• Exercise:
Among the entries below, please repeat exactly and only the lines from the line containing "Boys Adidas size 7Y" to the line containing "La Palapa Hotel", both lines included.

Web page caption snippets
===============

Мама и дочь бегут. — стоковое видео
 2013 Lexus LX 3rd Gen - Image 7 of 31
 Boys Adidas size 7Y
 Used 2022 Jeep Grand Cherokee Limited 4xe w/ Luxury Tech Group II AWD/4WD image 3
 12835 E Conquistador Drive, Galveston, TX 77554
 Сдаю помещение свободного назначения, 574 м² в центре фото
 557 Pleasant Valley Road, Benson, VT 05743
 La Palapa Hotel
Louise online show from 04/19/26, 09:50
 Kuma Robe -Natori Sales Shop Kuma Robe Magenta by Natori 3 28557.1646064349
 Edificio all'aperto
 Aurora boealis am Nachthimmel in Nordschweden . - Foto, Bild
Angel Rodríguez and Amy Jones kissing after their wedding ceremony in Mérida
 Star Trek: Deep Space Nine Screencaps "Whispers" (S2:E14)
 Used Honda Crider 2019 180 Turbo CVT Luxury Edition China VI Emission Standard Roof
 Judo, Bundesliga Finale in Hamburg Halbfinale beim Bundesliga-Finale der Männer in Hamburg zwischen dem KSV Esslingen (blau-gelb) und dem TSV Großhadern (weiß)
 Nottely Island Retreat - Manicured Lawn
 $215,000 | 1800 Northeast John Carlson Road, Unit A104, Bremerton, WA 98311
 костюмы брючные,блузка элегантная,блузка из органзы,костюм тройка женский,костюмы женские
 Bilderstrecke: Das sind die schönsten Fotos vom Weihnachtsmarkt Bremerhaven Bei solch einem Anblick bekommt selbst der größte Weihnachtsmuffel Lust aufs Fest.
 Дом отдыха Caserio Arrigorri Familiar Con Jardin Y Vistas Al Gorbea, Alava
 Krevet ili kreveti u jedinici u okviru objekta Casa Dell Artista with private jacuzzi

===============

• Response to this exercise:
 Boys Adidas size 7Y
 Used 2022 Jeep Grand Cherokee Limited 4xe w/ Luxury Tech Group II AWD/4WD image 3
 12835 E Conquistador Drive, Galveston, TX 77554
 Сдаю помещение свободного назначения, 574 м² в центре фото
 557 Pleasant Valley Road, Benson, VT 05743
 La Palapa Hotel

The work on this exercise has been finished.